WHAT NEEDS TO BE DONE. The part below that opens with the line containing "property at 10371 Manzana Rd" and closes with the line containing "Alfa Romeo Stelvio" should be copied exactly, minus any pictures.
(Beginning of RECORDED INFORMATION)
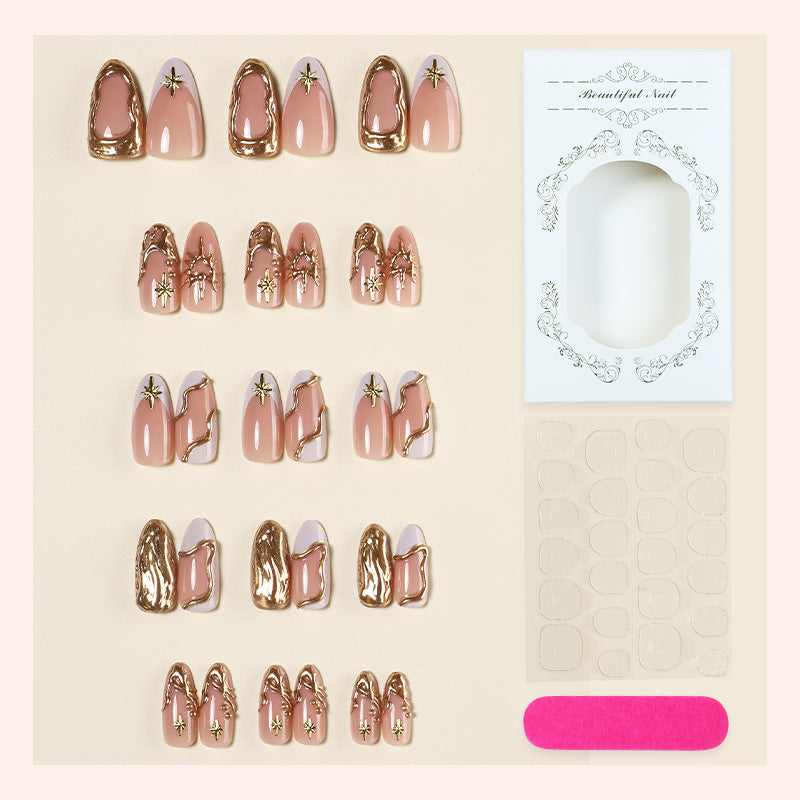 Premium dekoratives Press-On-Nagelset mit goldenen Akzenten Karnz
(End of RECORDED INFORMATION)
(Beginning of RECORDED INFORMATION)
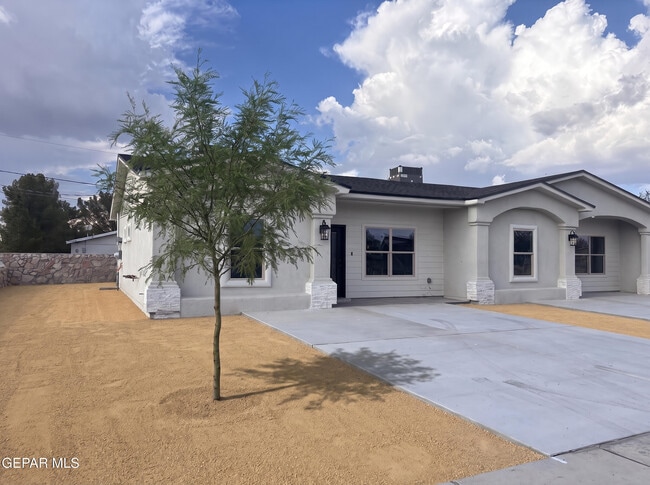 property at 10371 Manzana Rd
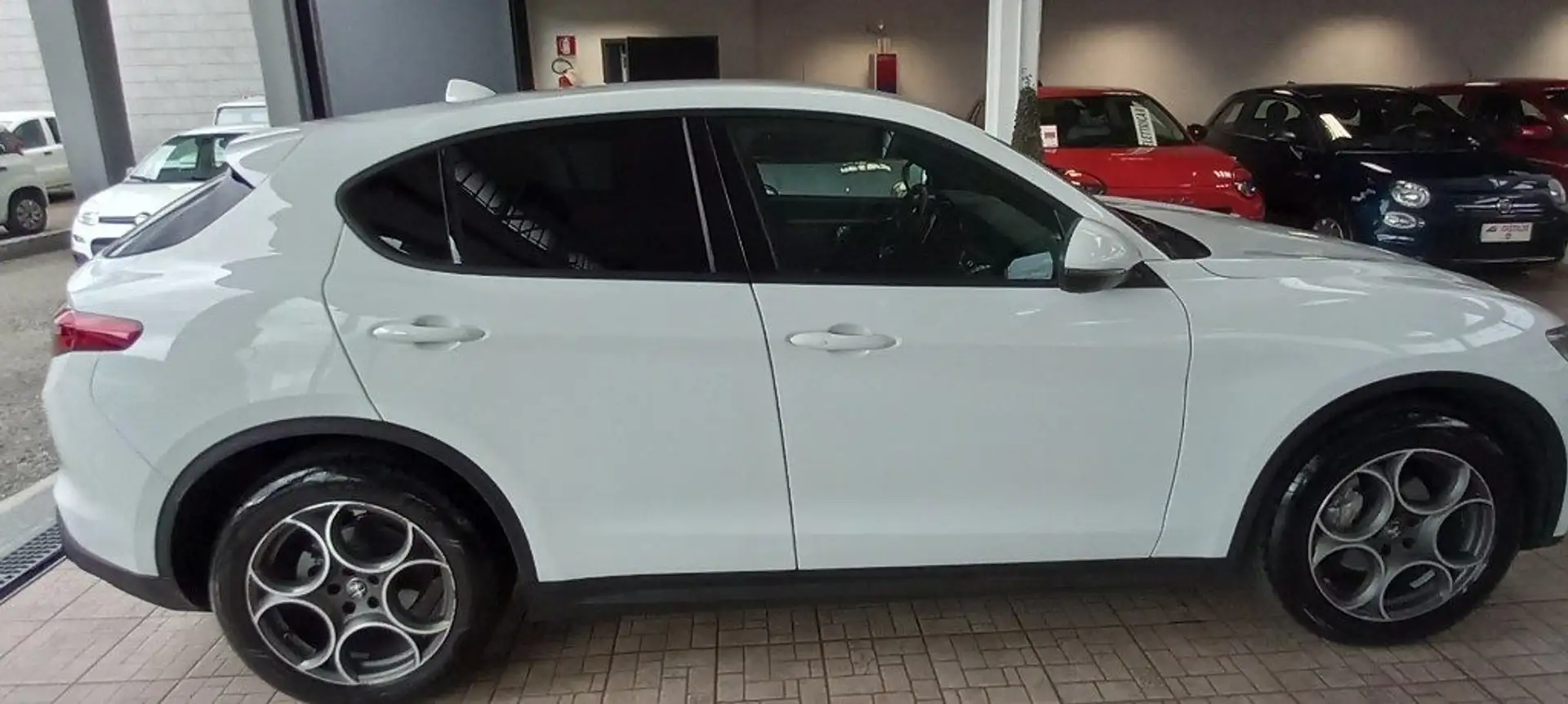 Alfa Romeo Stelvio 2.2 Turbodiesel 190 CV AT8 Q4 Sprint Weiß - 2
(End of RECORDED INFORMATION)
SOLUTION FOR THIS PROBLEM.
 property at 10371 Manzana Rd
 Alfa Romeo Stelvio 2.2 Turbodiesel 190 CV AT8 Q4 Sprint Weiß - 2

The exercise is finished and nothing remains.